## Requirement
Below are some records. Copy every line in them that holds "Hand".

[Crawled caption data]
....

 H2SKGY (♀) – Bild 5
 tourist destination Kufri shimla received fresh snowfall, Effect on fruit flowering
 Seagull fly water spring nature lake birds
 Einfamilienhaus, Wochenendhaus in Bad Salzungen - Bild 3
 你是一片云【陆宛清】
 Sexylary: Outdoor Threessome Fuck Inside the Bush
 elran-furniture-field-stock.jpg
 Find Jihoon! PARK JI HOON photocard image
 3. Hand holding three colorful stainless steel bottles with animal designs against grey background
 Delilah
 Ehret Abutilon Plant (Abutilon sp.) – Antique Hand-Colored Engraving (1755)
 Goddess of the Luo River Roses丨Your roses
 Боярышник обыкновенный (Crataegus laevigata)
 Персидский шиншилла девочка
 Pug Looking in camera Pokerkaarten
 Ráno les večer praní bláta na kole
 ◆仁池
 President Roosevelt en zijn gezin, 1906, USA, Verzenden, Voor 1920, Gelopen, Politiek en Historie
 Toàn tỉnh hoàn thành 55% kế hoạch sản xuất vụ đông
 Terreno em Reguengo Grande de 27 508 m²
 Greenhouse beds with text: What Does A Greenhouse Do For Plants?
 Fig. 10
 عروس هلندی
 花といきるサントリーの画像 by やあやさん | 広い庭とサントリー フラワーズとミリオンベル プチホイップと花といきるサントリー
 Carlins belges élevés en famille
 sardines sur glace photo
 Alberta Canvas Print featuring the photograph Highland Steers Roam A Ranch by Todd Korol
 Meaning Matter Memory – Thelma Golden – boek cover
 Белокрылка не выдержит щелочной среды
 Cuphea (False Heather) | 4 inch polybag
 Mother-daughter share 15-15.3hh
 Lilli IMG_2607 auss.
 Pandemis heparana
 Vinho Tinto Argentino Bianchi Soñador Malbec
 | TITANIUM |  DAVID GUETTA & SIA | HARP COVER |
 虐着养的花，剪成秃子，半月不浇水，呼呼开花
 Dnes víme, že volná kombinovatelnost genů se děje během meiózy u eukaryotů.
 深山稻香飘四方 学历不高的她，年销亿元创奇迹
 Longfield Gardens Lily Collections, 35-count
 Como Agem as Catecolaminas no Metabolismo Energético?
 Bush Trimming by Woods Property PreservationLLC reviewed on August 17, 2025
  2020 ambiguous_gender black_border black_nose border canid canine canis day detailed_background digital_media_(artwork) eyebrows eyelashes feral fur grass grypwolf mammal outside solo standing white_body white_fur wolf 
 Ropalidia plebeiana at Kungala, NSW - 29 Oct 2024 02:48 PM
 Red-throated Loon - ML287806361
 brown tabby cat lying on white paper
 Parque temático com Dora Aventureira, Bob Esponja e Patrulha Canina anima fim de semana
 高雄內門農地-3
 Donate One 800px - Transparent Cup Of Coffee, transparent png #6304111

....

## Expected answer
 3. Hand holding three colorful stainless steel bottles with animal designs against grey background
 Ehret Abutilon Plant (Abutilon sp.) – Antique Hand-Colored Engraving (1755)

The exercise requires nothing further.